OTTAWA, ONTARIO — (Marketwired) — 08/05/14 — The Grain Growers of Canada (GGC) are pleased that the text for the Canada-European Union Trade Agreement (CETA) has been agreed upon, and urge the Federal and Provincial governments to finalize its approval.
“This agreement will represent a big boost to the bottom line for Canadian farmers,” said GGC President Gary Stanford. “We are urging the Federal and Provincial governments to act quickly and ensure that farmers have access to a global marketplace.”
With the text now set in place, Canada’s provinces and territories have received the agreement and now must approve its content in order for the CETA to move forward.

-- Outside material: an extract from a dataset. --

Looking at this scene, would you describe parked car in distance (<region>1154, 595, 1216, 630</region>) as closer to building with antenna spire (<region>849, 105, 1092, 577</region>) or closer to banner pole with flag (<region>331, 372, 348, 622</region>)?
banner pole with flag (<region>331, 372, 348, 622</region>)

“The quickest path to success for Canadian farmers is increased access to markets,” added Stanford. “The CETA will provide that, and ensure a successful future for Canadian agriculture-and our economy.”
Future projections from a joint study with the EU indicate that the CETA could boost trade by 20 percent and increase Canada’s annual income by $12 billion. This is in addition to providing Canadian farmers with access to the world’s largest integrated economy-which includes 500 million consumers and a GDP of $17 trillion.
The EU also releases more than 36 percent of the world’s new processed food products making it the most innovative and leading edge food industry in the world.
“We need to diversify to keep up in the global marketplace,” added Michael Delaney, GGC’s representative on the Canadian Agri-Food Trade Alliance. “Increasing the flow of goods between our country and the EU will only mean good things for Canadian farmers and consumers.”